Namun, baik telfon atau pesan nggak ada yang dibalas sama sekali, akhirnya aku putuskan buat ke pasar dulu aja siapa tau Mas Raden masih tidur. Sampai aku selesai belanja, Mas Raden juga belum membalas pesanku. Inisiatif aku ke rumahnya aja siapa tau Mas Raden di rumah.

Baru aku mau nunggu angkot, ada mobil hitam yang berhenti di depanku. Kulihat mobil itu sampai orang yang keluar itu Raka mulai jalan menghampiriku.

“Mau pulang?” tanya Raka yang sekarang udah di depanku.

“Bukan urusan kamu.” Jawabku.

Aku jalan menjauhi Raka, dia masih berdiri di tempat tadi. “Aku anterin!” teriak Raka.

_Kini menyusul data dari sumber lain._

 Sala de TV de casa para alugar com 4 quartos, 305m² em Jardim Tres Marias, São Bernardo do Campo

Kuhembuskan nafasku lalu membalikan tubuhku menghadap ke Raka. “Tolong Raka, kali ini aja kamu jangan ganggu aku.”

“Ganggu gimana?” dengan polosnya Raka menanyakan itu.

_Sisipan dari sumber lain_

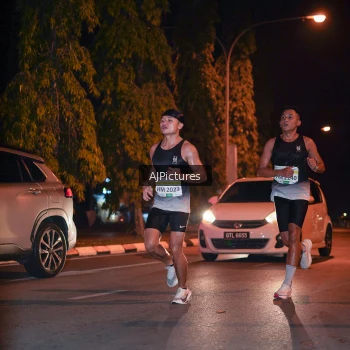 Runner Photo 3439244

Tanpa menjawabnya aku berjalan meninggalkan Raka, untung saja angkot yang aku tunggu langsung datang. Aku masuk ke dalam tapi aku sempatkan melihat Raka yang masih berdiri melihatku perlahan menjauh darinya.

Sampai di perumahan Mas Raden, aku berhenti di halte bus dekat pertigaan. Aku jalan kaki masuk gang perumahan, aku masih ingat jalan ke rumahnya Mas Raden sayangnya aku lupa berapa jarak dari jalan raya menuju rumahnya.

Sekitar 15 menit aku jalan, sampai aku berhenti di gerbang dengan rumah bernomor 29. Aku lihat dari celah-celah gerbang rumah Mas Raden, ada Mas Raden yang sedang olahraga di garasi. Aku tekan tombol bel disebelah gerbang menunggu Mas Raden membukakan gerbang.

Beberapa detik aku menunggu akhirnya gerbang terbuka, aku lihat Mas Raden keluar hanya menggunakan celana pendek hitam yang biasa dia gunakan buat olahraga. Badanya basah karena keringat keluar dari tubuhnya, bahkan rambutnya juga ikut basah.

Mas Raden seperti terkejut melihatku. “Kamu ngapain ke sini?” tanya Mas Raden.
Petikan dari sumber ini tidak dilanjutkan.